Her influence is more muted on Capitol Hill, where she has positioned herself as an outsider and shown little interest in the kind of deal-making that yields results there. A third-term congresswoman from the 6th District of Minnesota, she has sponsored few successful bills and does not hold a leadership post.

Since the beginning of the session, Bachmann has been the lead sponsor of seven bills, none of them yet successful. Of the flurry of bills introduced to deal with the debt limit, Bachmann is listed as a co-sponsor of two. Fellow members of Congress say she has not reached out to convince them of her position on the debt ceiling, nor has she affected their vote.

Bachmann has shot back at her critics, saying she has served as a loyal opposition, voting against efforts that increased government spending and regulation. And she said that her influence over the grass roots is significant, noting that masses of conservative activists who converged for a rally she helped organize against last year’s health-care overhaul.

Her supporters note that Obama had less than three years in the U.S. Senate before he announced his candidacy for president.

Grilled by Fox News host Bill O’Reilly this week about her lack of executive experience, she spun it this way: “I have executive experience in the real world and in the private sector. It’s nice to have government experience, but quite frankly what’s more important is, am I right on the issues and am I right on the policies?”

The apparent effectiveness gap between Michele Bachmann the legislator and Michele Bachmann the presidential candidate and tea party hero has become fodder for her critics.
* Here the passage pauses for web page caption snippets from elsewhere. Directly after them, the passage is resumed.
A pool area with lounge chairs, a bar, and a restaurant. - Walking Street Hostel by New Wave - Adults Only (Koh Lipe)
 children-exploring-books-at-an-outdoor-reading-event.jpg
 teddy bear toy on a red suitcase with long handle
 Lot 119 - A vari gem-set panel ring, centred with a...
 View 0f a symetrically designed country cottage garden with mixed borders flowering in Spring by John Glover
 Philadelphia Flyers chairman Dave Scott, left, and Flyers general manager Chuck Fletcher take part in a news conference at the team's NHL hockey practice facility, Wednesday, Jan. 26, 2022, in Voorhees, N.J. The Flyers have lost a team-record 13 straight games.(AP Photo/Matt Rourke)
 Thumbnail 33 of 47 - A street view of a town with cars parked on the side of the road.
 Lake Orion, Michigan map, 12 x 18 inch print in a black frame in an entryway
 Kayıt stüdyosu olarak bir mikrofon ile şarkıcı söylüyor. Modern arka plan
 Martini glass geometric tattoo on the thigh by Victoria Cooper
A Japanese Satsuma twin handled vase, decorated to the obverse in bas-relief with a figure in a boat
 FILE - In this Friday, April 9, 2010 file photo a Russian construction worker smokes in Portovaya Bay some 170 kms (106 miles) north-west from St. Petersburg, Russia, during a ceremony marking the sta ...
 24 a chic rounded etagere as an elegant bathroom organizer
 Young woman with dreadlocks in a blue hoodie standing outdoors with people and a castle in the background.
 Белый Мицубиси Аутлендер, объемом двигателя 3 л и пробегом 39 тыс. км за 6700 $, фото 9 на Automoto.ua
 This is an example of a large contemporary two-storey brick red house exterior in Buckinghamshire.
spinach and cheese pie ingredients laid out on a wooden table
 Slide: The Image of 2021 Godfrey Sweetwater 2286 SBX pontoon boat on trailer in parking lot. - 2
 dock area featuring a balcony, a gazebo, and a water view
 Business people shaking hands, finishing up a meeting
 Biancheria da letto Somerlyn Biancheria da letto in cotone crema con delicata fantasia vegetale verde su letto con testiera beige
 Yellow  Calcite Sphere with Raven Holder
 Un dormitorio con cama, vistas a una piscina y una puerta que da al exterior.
Former Minnesota governor Tim Pawlenty, another GOP hopeful, said on NBC’s “Meet the Press” Sunday that Bachmann’s congressional record is “nonexistent” and that Republican voters want more than “just speech capabilities.”

Tom Ridge, Homeland Security head under President George W. Bush, told the Washington Times this week that the job of president “requires a set of experiences that [Bachmann] just doesn’t have in her portfolio.”